Sorotrakyat.com | Bandung – Pemkab Bandung melaksanakan rapat koordinasi (rakor) lintas sektor Criminal Justice System Tingkat Kab. Bandung tentang penanganan kasus kejahatan perempuan dan anak di Hotel Sutan Raja Soreang, Kab. Bandung, Selasa (29/11).
Rapat koordinasi tersebut diikuti oleh unsur Badan Kesatuan Bangsa dan Politik Kabupaten Bandung, unsur Polri, unsur Kejaksaan dan jajaran Forkopimda lainnya.
Bupati Bandung H M Dadang Supriatna diwakili Asisten Administrasi Umum Setda Kabupaten Bandung Hj. Nina Setiana mengatakan, kehadiran para peserta rapat koordinasi ini menjadi bukti komitmen dan tanggungjawab bersama, dalam rangka memperkuat kapasitas para pemangku kepentingan mengenai penanganan kasus kejahatan perempuan dan anak.

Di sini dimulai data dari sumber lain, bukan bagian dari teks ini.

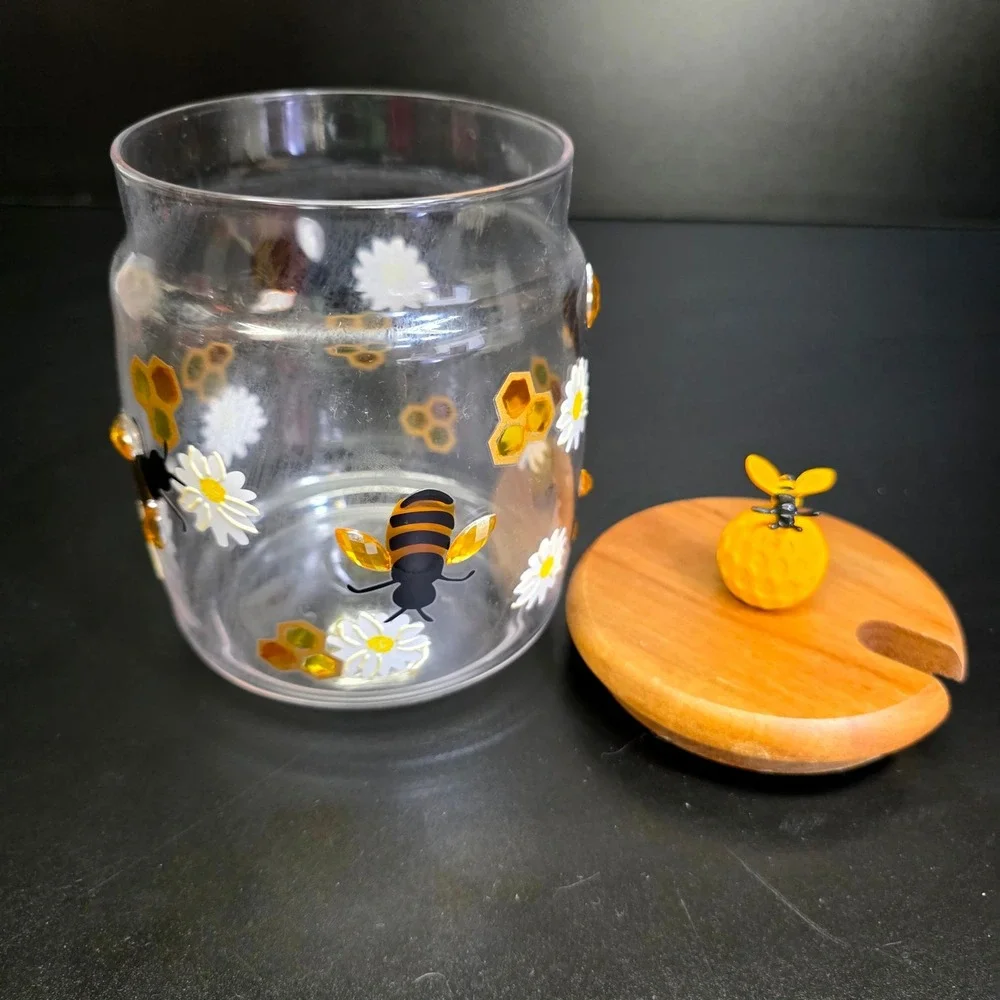 Honey Jar Small Clear Yellow Bee Daisy Glass Wood Lid Decor Cottagecore Honey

Nina mengatakan, dari jumlah penduduk Kabupaten Bandung sekitar 3.666.156 jiwa, di antaranya sebanyak 1.797.147 jiwa adalah penduduk perempuan dan hampir sepertiga dari jumlah penduduk Kabupaten Bandung adalah anak-anak.

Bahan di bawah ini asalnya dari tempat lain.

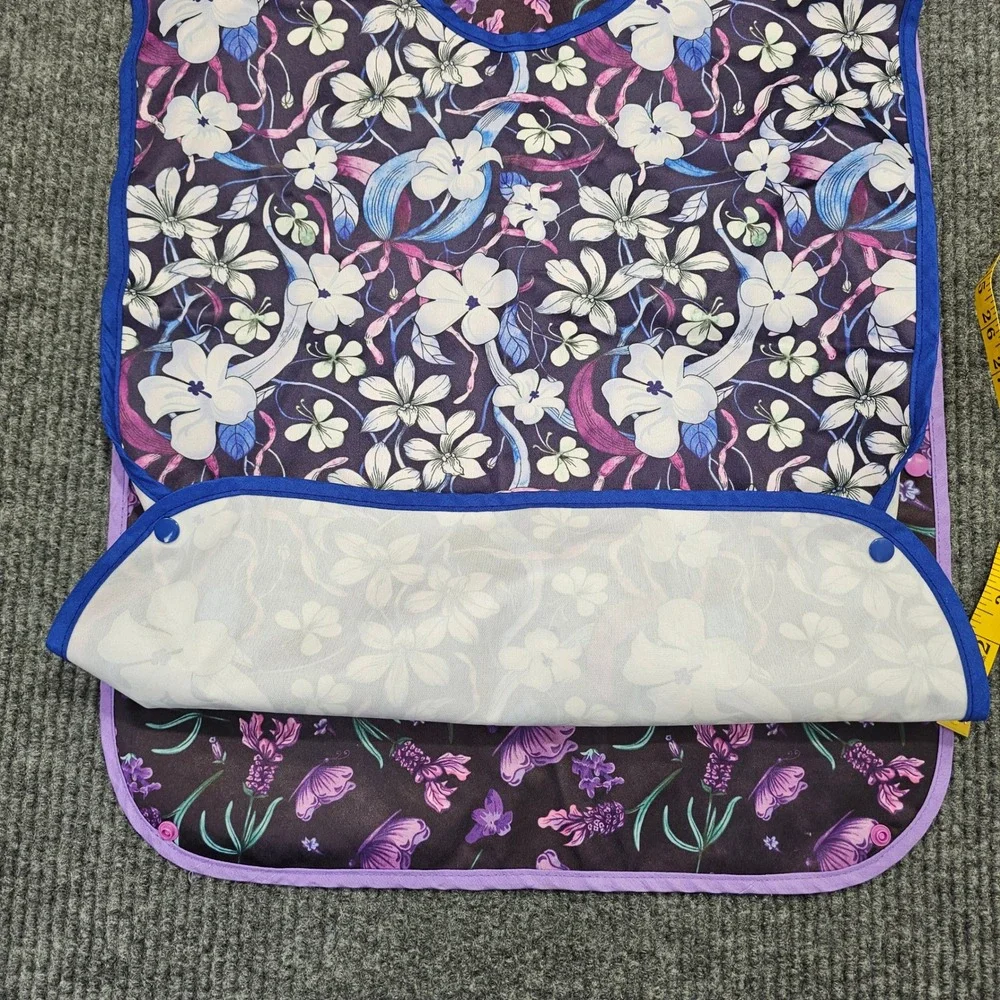 Adult Bibs Artist Smock OS Multicolored Floral 3-Pack Waterproof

“Hal ini menunjukkan bahwa perempuan dan anak merupakan potensi yang sangat penting. Anak sebagai generasi penerus masa depan bangsa,” kata Nina dalam sambutannya.
Ia pun menyebutkan anak penentu kualitas sumber daya manusia yang akan datang menjadi pilar utama pembangunan nasional di masa yang akan datang. Sehingga perlu ditingkatkan kualitasnya dan mendapatkan perlindungan secara sungguh-sungguh dari semua elemen masyarakat.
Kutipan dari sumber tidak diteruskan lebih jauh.